> Data for analysis
= = = = = = =

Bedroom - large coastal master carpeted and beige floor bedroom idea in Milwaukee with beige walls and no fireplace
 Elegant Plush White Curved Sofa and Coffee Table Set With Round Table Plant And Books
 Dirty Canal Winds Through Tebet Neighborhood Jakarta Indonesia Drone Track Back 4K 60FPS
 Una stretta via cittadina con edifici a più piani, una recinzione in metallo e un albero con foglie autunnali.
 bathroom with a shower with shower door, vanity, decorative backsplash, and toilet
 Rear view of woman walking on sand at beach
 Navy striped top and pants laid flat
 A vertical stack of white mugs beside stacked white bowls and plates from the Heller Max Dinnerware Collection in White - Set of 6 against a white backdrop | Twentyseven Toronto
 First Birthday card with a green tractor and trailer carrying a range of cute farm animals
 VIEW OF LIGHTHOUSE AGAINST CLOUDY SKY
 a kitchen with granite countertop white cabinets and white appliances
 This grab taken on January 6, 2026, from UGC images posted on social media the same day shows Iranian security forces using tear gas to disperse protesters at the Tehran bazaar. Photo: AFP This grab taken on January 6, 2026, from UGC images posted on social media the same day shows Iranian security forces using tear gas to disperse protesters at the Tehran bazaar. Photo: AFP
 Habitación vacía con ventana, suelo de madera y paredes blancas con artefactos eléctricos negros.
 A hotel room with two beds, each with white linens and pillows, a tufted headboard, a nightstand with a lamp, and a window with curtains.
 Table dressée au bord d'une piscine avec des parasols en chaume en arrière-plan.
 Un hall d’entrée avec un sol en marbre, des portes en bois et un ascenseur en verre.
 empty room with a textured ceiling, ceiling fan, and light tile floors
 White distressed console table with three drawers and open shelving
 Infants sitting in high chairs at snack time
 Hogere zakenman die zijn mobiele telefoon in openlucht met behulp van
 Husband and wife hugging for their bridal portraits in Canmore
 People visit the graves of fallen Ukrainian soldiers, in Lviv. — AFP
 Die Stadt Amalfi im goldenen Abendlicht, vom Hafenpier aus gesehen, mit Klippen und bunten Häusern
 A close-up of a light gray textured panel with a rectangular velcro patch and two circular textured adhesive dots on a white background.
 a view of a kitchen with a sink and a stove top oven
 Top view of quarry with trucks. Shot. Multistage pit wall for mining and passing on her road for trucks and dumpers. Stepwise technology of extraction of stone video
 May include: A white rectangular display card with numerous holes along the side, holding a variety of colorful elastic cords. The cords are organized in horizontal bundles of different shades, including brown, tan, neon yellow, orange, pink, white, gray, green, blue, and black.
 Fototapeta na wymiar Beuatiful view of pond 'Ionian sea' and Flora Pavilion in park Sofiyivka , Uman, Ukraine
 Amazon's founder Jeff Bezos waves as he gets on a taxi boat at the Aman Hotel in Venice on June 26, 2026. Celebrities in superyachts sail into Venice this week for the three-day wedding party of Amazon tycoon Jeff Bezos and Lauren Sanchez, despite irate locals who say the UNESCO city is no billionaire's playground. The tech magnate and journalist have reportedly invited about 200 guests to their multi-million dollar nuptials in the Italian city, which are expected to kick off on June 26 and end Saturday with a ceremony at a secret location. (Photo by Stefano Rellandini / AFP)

= = = = = = =

> Task to carry out
Show all lines in the records above that hold "kitchen".

> Response to the task
 a kitchen with granite countertop white cabinets and white appliances
 a view of a kitchen with a sink and a stove top oven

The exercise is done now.